# What is being asked:
Each record that follows should be transcribed word for word.

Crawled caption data
□ □ □

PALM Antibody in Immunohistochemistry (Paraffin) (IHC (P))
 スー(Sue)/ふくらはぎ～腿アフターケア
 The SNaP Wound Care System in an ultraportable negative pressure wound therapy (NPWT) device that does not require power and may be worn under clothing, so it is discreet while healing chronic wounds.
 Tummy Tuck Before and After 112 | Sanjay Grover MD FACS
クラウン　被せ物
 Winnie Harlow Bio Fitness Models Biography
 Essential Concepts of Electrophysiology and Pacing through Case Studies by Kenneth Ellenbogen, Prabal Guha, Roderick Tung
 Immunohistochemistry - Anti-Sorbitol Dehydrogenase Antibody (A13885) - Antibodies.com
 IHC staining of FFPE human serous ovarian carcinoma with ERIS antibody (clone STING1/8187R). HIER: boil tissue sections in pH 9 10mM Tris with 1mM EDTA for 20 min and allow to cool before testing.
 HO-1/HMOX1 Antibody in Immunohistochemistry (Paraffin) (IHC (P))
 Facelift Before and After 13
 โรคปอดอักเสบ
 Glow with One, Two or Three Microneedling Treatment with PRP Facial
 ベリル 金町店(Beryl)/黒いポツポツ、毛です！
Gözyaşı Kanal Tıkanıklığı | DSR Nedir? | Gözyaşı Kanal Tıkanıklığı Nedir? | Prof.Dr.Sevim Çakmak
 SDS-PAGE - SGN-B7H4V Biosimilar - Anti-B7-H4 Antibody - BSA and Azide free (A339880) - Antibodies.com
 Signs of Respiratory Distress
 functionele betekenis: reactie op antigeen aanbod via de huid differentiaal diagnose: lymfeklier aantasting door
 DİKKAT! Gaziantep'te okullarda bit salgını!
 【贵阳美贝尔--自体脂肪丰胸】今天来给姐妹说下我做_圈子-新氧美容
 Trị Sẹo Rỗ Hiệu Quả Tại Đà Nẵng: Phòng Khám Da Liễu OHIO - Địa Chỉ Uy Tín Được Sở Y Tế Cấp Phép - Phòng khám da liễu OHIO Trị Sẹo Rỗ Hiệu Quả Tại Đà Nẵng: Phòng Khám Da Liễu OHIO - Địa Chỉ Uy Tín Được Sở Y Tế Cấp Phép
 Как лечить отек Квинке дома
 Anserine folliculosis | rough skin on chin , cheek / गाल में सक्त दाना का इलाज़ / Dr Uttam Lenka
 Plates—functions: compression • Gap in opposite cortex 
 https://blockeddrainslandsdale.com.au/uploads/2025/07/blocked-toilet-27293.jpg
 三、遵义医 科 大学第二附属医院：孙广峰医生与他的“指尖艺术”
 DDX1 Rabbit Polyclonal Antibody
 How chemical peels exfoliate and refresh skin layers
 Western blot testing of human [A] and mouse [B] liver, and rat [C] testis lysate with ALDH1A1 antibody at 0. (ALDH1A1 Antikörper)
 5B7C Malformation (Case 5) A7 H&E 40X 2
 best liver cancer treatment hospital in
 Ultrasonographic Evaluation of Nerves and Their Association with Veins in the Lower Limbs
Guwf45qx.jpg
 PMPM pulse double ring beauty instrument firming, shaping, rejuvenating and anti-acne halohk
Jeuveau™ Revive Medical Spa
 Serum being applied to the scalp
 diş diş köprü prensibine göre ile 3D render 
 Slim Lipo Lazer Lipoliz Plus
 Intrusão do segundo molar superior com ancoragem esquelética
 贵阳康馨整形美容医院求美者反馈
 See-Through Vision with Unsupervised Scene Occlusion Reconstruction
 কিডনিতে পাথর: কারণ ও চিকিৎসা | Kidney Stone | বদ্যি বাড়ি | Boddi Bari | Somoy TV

□ □ □

# Solution to this task:
PALM Antibody in Immunohistochemistry (Paraffin) (IHC (P))
 スー(Sue)/ふくらはぎ～腿アフターケア
 The SNaP Wound Care System in an ultraportable negative pressure wound therapy (NPWT) device that does not require power and may be worn under clothing, so it is discreet while healing chronic wounds.
 Tummy Tuck Before and After 112 | Sanjay Grover MD FACS
クラウン　被せ物
 Winnie Harlow Bio Fitness Models Biography
 Essential Concepts of Electrophysiology and Pacing through Case Studies by Kenneth Ellenbogen, Prabal Guha, Roderick Tung
 Immunohistochemistry - Anti-Sorbitol Dehydrogenase Antibody (A13885) - Antibodies.com
 IHC staining of FFPE human serous ovarian carcinoma with ERIS antibody (clone STING1/8187R). HIER: boil tissue sections in pH 9 10mM Tris with 1mM EDTA for 20 min and allow to cool before testing.
 HO-1/HMOX1 Antibody in Immunohistochemistry (Paraffin) (IHC (P))
 Facelift Before and After 13
 โรคปอดอักเสบ
 Glow with One, Two or Three Microneedling Treatment with PRP Facial
 ベリル 金町店(Beryl)/黒いポツポツ、毛です！
Gözyaşı Kanal Tıkanıklığı | DSR Nedir? | Gözyaşı Kanal Tıkanıklığı Nedir? | Prof.Dr.Sevim Çakmak
 SDS-PAGE - SGN-B7H4V Biosimilar - Anti-B7-H4 Antibody - BSA and Azide free (A339880) - Antibodies.com
 Signs of Respiratory Distress
 functionele betekenis: reactie op antigeen aanbod via de huid differentiaal diagnose: lymfeklier aantasting door
 DİKKAT! Gaziantep'te okullarda bit salgını!
 【贵阳美贝尔--自体脂肪丰胸】今天来给姐妹说下我做_圈子-新氧美容
 Trị Sẹo Rỗ Hiệu Quả Tại Đà Nẵng: Phòng Khám Da Liễu OHIO - Địa Chỉ Uy Tín Được Sở Y Tế Cấp Phép - Phòng khám da liễu OHIO Trị Sẹo Rỗ Hiệu Quả Tại Đà Nẵng: Phòng Khám Da Liễu OHIO - Địa Chỉ Uy Tín Được Sở Y Tế Cấp Phép
 Как лечить отек Квинке дома
 Anserine folliculosis | rough skin on chin , cheek / गाल में सक्त दाना का इलाज़ / Dr Uttam Lenka
 Plates—functions: compression • Gap in opposite cortex 
 https://blockeddrainslandsdale.com.au/uploads/2025/07/blocked-toilet-27293.jpg
 三、遵义医 科 大学第二附属医院：孙广峰医生与他的“指尖艺术”
 DDX1 Rabbit Polyclonal Antibody
 How chemical peels exfoliate and refresh skin layers
 Western blot testing of human [A] and mouse [B] liver, and rat [C] testis lysate with ALDH1A1 antibody at 0. (ALDH1A1 Antikörper)
 5B7C Malformation (Case 5) A7 H&E 40X 2
 best liver cancer treatment hospital in
 Ultrasonographic Evaluation of Nerves and Their Association with Veins in the Lower Limbs
Guwf45qx.jpg
 PMPM pulse double ring beauty instrument firming, shaping, rejuvenating and anti-acne halohk
Jeuveau™ Revive Medical Spa
 Serum being applied to the scalp
 diş diş köprü prensibine göre ile 3D render 
 Slim Lipo Lazer Lipoliz Plus
 Intrusão do segundo molar superior com ancoragem esquelética
 贵阳康馨整形美容医院求美者反馈
 See-Through Vision with Unsupervised Scene Occlusion Reconstruction
 কিডনিতে পাথর: কারণ ও চিকিৎসা | Kidney Stone | বদ্যি বাড়ি | Boddi Bari | Somoy TV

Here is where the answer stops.